Since the standard for 10 Gigabit Ethernet (IEEE802.3ae) has been ratified in 2002, 10GbE deployments have grown rapidly year by year. And it is now mainly used to interconnect servers and routers in data center, especially in the Spine-Leaf network. Previously, IT managers often use 10GbE switch as the leaf switch, which provides high performance but cost a lot. Nowadays, as the price and power consumption of 10GBASE-T technology continue to drop, 10G copper switches are more popular in the Spine-Leaf network than before.
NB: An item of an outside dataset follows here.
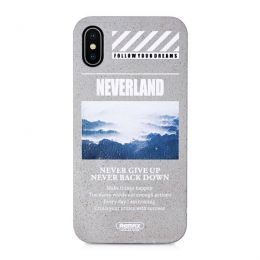 Чехол Remax Armstrone для iPhone X Cloud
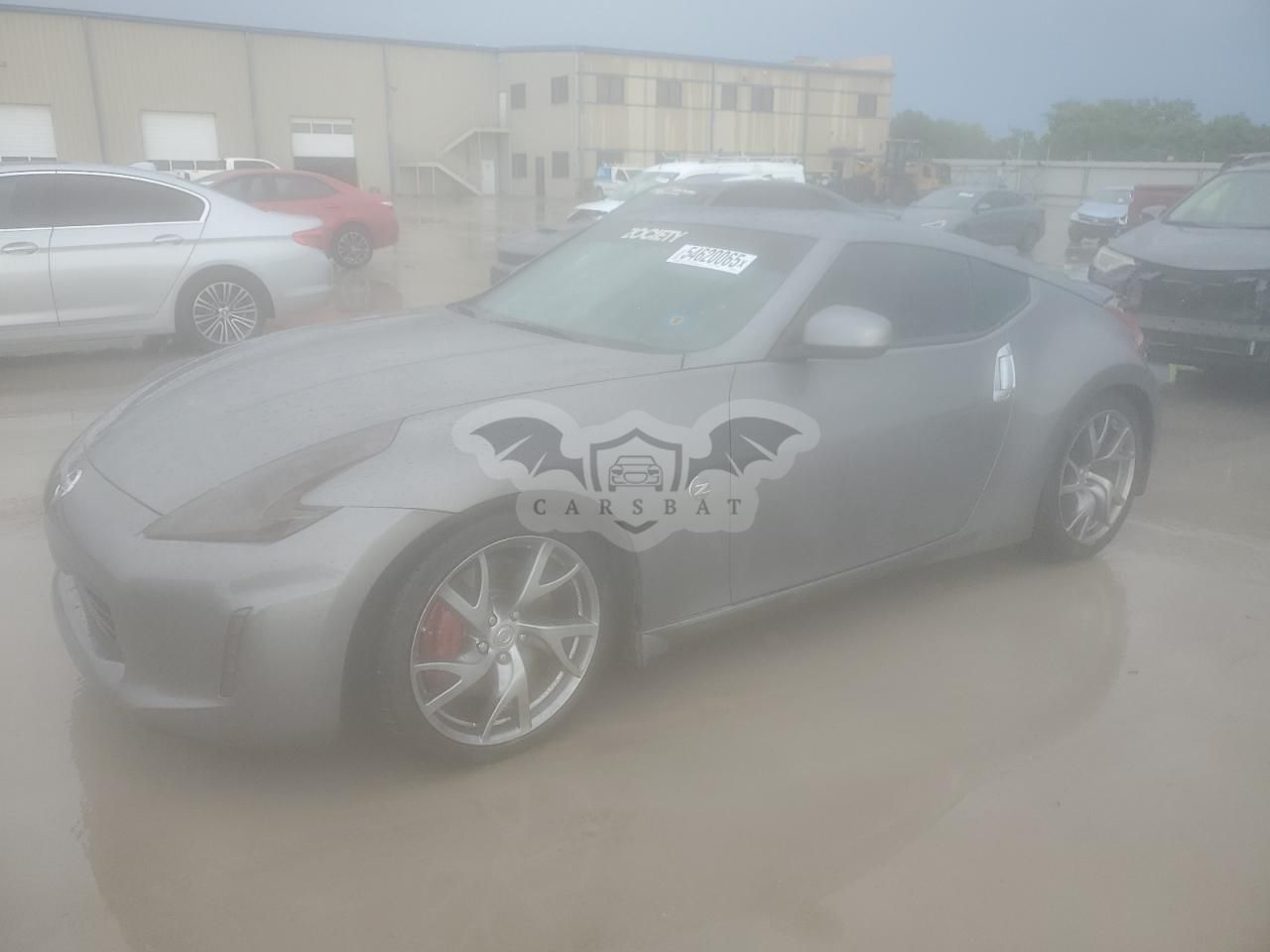 Nissan 370z BASE 3.7L 6 2015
This post will discuss how to build a Spine-Leaf network with 10GBASE-T switches.
Generally, there are four 10GbE links for Spine-Leaf network Switching: 10GBASE-CX4, SFP+ fiber, SFP+ Direct Attach Copper (DAC), and 10GBASE-T. Among them, 10GBASE-CX4 link is an early favorite for 10 GbE deployments, but it is now outdated for its bulky and expensive cables plus its limited reach of 15 meters. SFP+ fiber links of 10G fiber switches are great for latency and distance (up to 300m), but it is the most costly solution. SFP+ DAC is a lower cost alternative to SFP+ fiber, but its reach for passive cables is limited to 7m, and it is not backward-compatible with existing GbE switches.
10GBASE-T link of 10G copper switch uses the lowest cost twisted-pair copper cables for networking and supports lengths up to 100m, giving IT managers a great level of flexibility in accommodating top of rack network topology. In addition, it is also backward-compatible with 1000BASE-T therefore can be deployed in legacy GbE network infrastructures. Hence, 10G copper switch is much more favored than 10G fiber switch for Spine-Leaf network in data centers. The following table shows the 10GBASE-T switch vs 10G fiber switch:
|10GBASE-T switch||10G fiber switch|
|Modern Market Entrance||Brand New||Existing|
|Existing LAN Cable Usage (Cat5e)||Yes (Up to 2.5/5GbE)||No|
|Cabling for 10GbE Cost||Cheap||Expensive|
|10 GbE Network Adapter Cost||Cheap||Expensive|
There are mainly three components involved for a Spine-Leaf network: spine switches, leaf switches, and servers. This part will take 40G Spine-Leaf network as an example to explain how to build Spine-Leaf network with 10GBASE-T switches.
According to the above, a 40G Spine-Leaf network may need 40G spine switches, leaf switches with 40G QSFP+ uplinks, and servers & storage devices.
Here we use the S8050-20Q4C (20 QSFP+ ports and 4 QSFP28 ports, US$ 5499) as the spine switch, and the 48 port 10GBASE-T switch with 4xQSFP+ uplink —S5850-48T4Q (48 10GBASE-T ports and 4 QSFP+, US$ 4599) as the leaf switch. Servers and storage devices can be either simple Network Attached Storage (NAS) devices or a complex Storage Area Network (SAN). This depends on your actual needs (Read NAS vs SAN: What’s the Difference? for more details).
In the 40G Spine-Leaf network, links between spine and leaf switches are 40G, and links between leaf switches and servers are 1/10G. Therefore, the S5850-48T4Q are often connected to the spine switch (S8050-20Q4C) through the 4OG QSFP+ ports by MTP/MPO fiber cables, while the 10GBASE-T copper ports of leaf switch (S5850-48T4Q) are used to connect to servers with Cat6a cables. One thing to note is that the uplink numbers of each leaf switch determines the number of spine switches, and the 40G QSFP+ ports on each spine switch determines the number of leaf switches we can have. In our case, it can be 2 spine switches and 10 leaf switches, So in building this Spine-Leaf architecture, the maximum amount of 10G servers is 480 at 3:1 oversubscription:
Except for switches, transceivers, fiber and copper cables are also necessary for building such 40G Spine-Leaf network.The following table shows all the fiber optics used in the above Spine-Leaf network:
|S8050-20Q4C (Spine Switch)||US$ 5499|
|S5850-48T4Q (Leaf Switch)||US$ 4599|
|40G QSFP+ Transceiver||From US$ 49|
|MTP/MPO Fiber Patch Cable||From US$ 32|
|Cat6a Copper Cable||From US$ 3.4|
Using 10GBASE-T SFP+ switch in the Spine-Leaf network will make the best of your existing Cat6a UTP structured cabling ecosystem. Further more, it will help to save much money because copper cable infrastructure is far less expensive than the fiber optics of 10 SFP+ switch.